Now that he's married Rita, does he give up the apartment? Can he? Can he give up that AC unit?
In the first episode we discover that, without revealing it to Rita, he's committed to keeping his apartment. I'm not sure how he pays for it, but we never get into that.
We've had lots of fantastical things on the show. Like being able to get his brother Rudy back to the site of the crime scene where they discovered the Ice Truck Killer, in that room, and slash his throat and get out of there. He obviously has some sort of shape-shifting ability, but we don't see those scenes.
He is extremely strong.
Extremely strong, extremely intelligent, yet almost autistic, and, I don't know. I looked at the pilot script and thought, "Is this a person who could ever be?" But somehow we give over to suspending our disbelief.
The audience roots for him, which can get extremely creepy.

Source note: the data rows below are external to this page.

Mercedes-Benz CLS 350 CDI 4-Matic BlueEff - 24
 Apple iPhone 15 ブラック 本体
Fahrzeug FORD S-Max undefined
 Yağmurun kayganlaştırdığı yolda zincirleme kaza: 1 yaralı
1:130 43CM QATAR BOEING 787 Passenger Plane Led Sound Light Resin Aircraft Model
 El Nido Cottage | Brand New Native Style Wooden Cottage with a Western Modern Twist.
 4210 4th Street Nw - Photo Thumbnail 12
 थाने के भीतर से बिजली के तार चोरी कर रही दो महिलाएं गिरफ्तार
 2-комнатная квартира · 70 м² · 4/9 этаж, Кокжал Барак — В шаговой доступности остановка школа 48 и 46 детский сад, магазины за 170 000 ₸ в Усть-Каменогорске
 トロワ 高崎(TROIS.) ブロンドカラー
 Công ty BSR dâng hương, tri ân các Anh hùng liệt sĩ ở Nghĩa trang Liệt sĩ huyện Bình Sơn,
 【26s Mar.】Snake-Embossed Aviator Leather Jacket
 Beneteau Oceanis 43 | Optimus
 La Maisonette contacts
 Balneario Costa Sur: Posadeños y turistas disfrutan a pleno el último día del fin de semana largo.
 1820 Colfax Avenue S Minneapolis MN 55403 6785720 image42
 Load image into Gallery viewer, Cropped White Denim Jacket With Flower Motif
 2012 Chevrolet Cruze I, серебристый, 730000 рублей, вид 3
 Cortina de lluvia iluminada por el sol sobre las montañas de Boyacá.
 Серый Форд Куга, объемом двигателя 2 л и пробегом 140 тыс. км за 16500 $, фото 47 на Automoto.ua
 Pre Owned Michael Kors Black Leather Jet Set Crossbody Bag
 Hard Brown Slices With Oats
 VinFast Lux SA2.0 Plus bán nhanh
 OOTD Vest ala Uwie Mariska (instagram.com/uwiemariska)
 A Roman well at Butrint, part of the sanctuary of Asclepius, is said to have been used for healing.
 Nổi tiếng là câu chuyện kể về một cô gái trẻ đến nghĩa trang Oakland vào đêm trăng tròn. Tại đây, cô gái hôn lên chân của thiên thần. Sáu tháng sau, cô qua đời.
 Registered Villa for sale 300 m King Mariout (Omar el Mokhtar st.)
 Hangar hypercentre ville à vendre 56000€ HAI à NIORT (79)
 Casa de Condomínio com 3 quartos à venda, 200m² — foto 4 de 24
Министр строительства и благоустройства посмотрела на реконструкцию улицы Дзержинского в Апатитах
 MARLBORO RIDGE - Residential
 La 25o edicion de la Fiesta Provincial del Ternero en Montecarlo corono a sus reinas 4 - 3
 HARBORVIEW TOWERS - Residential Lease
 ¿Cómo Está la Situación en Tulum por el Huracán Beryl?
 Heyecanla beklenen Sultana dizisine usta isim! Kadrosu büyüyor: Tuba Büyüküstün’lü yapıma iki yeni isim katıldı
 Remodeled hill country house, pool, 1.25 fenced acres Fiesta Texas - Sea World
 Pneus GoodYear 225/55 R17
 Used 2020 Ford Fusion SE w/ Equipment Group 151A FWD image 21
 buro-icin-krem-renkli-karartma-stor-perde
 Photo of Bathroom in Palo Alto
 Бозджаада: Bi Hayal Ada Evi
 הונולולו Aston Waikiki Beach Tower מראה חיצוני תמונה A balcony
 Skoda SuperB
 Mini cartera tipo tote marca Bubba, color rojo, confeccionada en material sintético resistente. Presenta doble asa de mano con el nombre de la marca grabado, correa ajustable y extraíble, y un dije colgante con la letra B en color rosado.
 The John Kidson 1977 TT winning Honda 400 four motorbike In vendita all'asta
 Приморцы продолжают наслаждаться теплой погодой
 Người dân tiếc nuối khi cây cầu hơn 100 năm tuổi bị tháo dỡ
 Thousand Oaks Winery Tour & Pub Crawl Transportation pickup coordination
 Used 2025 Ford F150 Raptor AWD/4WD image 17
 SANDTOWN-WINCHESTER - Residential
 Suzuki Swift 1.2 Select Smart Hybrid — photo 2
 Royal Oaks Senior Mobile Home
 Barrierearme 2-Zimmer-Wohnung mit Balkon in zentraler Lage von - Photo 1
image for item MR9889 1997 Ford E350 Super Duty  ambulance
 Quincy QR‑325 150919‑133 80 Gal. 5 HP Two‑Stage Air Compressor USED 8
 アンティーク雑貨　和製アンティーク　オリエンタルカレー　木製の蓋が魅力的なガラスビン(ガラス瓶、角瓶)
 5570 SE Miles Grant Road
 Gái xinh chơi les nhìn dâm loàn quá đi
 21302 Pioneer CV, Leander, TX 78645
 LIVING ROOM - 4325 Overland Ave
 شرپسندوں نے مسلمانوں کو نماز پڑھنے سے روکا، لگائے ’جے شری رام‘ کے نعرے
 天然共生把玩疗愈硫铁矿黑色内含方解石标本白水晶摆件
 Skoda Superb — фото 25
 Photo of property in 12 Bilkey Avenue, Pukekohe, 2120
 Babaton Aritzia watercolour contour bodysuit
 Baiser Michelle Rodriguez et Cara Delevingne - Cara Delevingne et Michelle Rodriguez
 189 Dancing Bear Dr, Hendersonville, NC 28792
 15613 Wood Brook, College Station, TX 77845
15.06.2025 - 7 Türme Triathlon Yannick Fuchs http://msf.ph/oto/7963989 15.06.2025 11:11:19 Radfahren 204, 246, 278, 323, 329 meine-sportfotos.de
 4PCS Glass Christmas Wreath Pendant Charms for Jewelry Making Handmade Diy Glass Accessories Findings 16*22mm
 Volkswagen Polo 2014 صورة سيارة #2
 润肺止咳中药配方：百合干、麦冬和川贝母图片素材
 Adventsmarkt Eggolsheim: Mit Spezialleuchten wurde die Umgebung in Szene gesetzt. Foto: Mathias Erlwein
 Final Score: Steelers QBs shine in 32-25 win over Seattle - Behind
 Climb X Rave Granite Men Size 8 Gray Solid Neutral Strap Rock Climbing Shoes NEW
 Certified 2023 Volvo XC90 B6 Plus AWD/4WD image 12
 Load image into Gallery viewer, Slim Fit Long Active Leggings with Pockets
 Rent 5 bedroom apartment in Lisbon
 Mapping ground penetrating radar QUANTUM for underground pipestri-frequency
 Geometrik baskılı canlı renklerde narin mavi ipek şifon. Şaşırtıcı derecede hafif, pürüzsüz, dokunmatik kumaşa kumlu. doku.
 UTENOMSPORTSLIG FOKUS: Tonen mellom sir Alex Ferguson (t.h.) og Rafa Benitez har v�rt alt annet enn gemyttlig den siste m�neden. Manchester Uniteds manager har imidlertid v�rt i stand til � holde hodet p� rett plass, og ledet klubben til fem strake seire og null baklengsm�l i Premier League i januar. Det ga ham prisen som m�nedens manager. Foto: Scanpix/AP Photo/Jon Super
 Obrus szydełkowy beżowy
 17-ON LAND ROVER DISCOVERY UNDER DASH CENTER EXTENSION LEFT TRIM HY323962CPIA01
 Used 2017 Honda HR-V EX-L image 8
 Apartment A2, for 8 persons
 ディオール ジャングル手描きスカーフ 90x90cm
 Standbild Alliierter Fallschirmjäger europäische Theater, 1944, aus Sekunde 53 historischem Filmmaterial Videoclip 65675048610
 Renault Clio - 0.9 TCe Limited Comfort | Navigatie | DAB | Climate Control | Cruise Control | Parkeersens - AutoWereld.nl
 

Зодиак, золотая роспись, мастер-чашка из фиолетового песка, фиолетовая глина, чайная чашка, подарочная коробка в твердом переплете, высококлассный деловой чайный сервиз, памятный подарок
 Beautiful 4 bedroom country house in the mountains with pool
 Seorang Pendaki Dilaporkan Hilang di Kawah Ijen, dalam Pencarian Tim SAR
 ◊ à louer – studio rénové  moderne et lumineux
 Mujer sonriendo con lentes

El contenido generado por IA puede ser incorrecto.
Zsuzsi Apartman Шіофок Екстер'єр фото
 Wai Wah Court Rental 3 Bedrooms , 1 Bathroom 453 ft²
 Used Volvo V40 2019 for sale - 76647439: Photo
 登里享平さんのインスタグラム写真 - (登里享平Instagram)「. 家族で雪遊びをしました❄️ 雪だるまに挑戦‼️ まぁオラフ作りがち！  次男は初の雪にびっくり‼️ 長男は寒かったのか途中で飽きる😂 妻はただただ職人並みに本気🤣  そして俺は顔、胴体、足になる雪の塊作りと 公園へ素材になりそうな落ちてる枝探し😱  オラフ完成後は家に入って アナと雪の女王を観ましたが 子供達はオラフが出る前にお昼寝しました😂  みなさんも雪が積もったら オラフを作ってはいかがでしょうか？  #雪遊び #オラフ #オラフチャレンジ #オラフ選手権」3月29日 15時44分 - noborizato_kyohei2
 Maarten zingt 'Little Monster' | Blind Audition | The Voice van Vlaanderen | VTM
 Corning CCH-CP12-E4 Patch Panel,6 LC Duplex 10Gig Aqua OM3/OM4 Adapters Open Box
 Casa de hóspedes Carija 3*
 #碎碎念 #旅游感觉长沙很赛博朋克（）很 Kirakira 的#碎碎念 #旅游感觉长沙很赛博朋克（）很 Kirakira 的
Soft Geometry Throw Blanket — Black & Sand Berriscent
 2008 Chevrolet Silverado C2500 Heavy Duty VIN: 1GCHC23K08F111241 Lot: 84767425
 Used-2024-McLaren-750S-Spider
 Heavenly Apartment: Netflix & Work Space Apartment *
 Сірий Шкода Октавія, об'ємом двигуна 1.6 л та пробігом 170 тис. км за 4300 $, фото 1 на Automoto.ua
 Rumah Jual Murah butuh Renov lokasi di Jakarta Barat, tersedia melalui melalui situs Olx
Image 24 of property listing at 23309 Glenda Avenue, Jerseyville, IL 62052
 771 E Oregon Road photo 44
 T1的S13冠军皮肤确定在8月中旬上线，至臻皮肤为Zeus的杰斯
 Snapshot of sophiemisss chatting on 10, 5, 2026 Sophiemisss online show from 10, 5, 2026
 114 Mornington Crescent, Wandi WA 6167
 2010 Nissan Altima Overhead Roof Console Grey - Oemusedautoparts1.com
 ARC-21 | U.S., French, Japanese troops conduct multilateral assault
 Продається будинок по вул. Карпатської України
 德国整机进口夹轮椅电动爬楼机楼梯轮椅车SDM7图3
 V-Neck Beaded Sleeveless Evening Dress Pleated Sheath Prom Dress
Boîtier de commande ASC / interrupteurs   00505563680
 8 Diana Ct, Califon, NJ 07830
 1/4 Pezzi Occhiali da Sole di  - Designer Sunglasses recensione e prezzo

Considering what we know about him and what we've come to accept in terms of his undeniable affliction, he's taken really remarkable responsibility for it, if we can give over to the fact that he has no choice but to kill, which people seem to give over to him.
Can you tell us anything else about Season 4?
We've flash-forwarded a little bit. Dexter and Rita have a new home that they're sharing together, with Astor and Cody and Dexter's new baby son, Harrison. And Dexter hasn't been alleviated. His compulsion remains. I don't know if we'd be able to keep our audience if Dexter woke up one day and said, "I don't really feel like killing anybody anymore."